Although Emyot was raised to be an observant Jew, he became one of Orthodoxy’s most prolific and prominent critics. His literary works and polemical and critical essays were published in a number of Orthodox journals including Ortodoksisher yugnt bleter (Orthodox Youths’ Pages), Beys Yankev (House of Jacob), Diglenu (Our Flag), and Dos yudishe togblat (The Jewish Daily; the organ of the Agudas Yisroel movement) to which he contributed weekly between 1935 and 1939.

In his critical works, Emyot often reproached Orthodox circles for their contempt for literature, and he encouraged talented writers to develop their literary abilities. In 1936, the poet and critic Yisroel Shtern, who was religiously observant, wrote that Emyot was the most productive, literary, and lyrical author among Orthodox writers. By 1939, Emyot had published several volumes of poetry: Mit zikh aleyn (Alone with Myself; 1932), Tropns in yam (Drops in the Ocean; 1935), and Iber mekhitses (Beyond Partitions; 1938). His writings contained religious motifs, Jewish characters, and descriptions of families.

When Germany invaded Poland in 1939, Emyot traveled back to Ostrów Mazowiecka, where his mother was murdered. He then fled to Białystok, which at that point was in the USSR. He reacted to his personal crises by rejecting religion and joining the Communist Party. Emyot was active in a local writers’ association and, in 1940, he published Lider (Poems), in Moscow. When Germany invaded the Soviet Union, Emyot set out with others to Alma-Ata (Almaty), the capital of Kazakhstan; there he contributed regularly between 1942 and 1948 to the Jewish Anti-Fascist Committee’s publication, Eynikayt (Unity). In 1944, he settled in Birobidzhan as a correspondent for the journal. Between 1946 and 1948, he also contributed to various Yiddish publications, including the Birobidzhaner shtern (Birobidzhan Star) and the anthology Birobidzhan (1946). In 1948, he published an additional collection of poetry, Oyfgang (Rise), and worked for the local radio station. With the liquidation of the Jewish Anti-Fascist Committee in 1948, Emyot was arrested and exiled to eastern Siberia, where he remained until his liberation in 1955.

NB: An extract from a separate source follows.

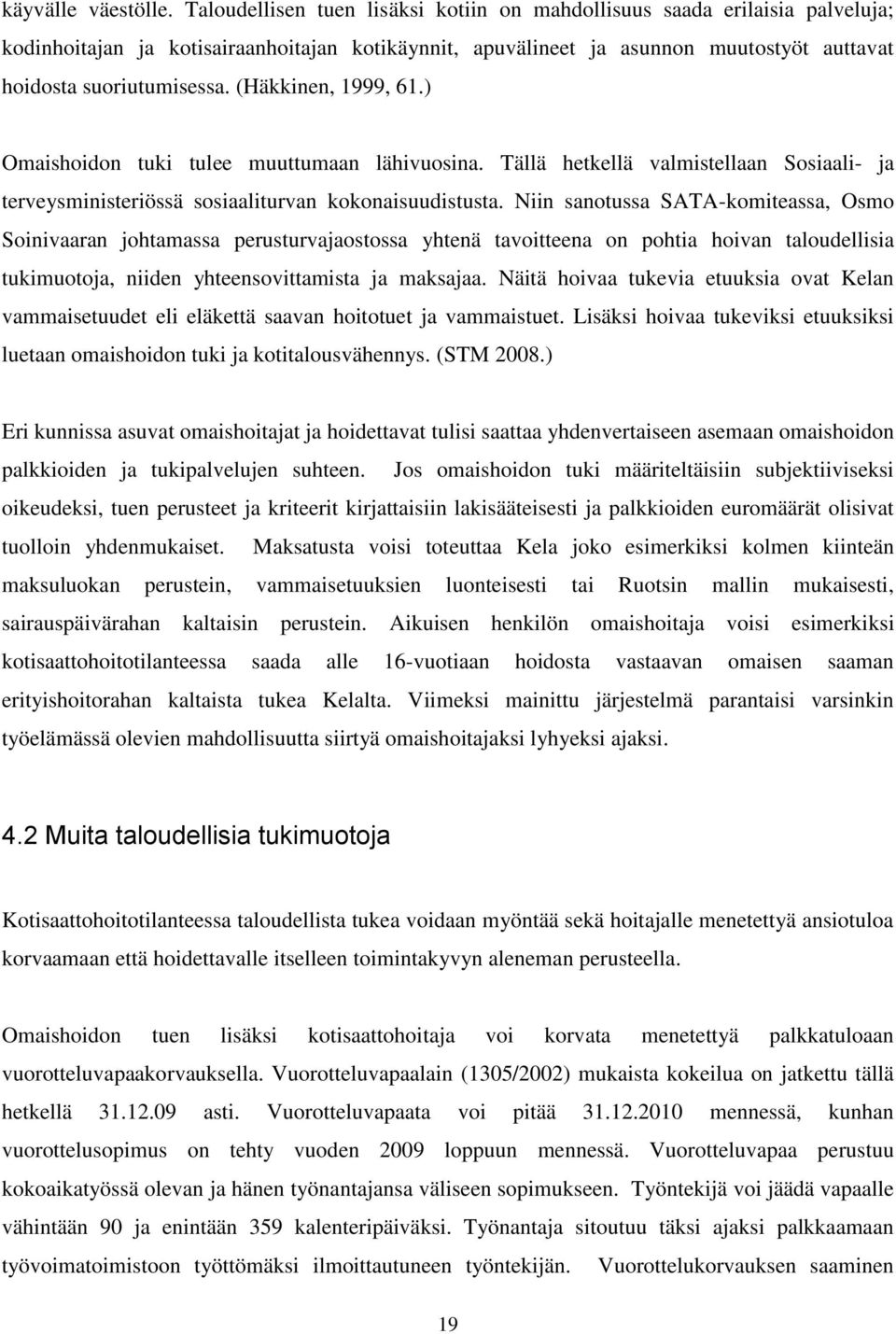 (Häkkinen, 1999, 61.) Omaishoidon tuki tulee muuttumaan lähivuosina. Tällä hetkellä valmistellaan Sosiaali- ja terveysministeriössä sosiaaliturvan kokonaisuudistusta.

Emyot describes his experiences in Der Birobidzhaner inyn (The Case of Birobidzhan; 1960) and Fardekte shpiglen (Covered Mirrors; 1962); the latter book also includes chapters about his childhood. Following his liberation, he returned briefly to Birobidzhan but soon moved to Poland, where in 1957 he published another volume of poetry, titled Benkshaft (Longing). Emyot immigrated to the United States in 1958 or 1959, where he joined his wife and sons, who had left Poland in 1940. He spent the rest of his life in Rochester, New York.

Suggested Reading

Israel Emiot, The Birobidzhan Affair, trans. Max Rosenfeld (Philadelphia, 1981); Boris Kotlerman, “Yidish in Birobijan” (Ph.D. diss., Bar-Ilan University, 2000), pp. 253–264 (in Yiddish).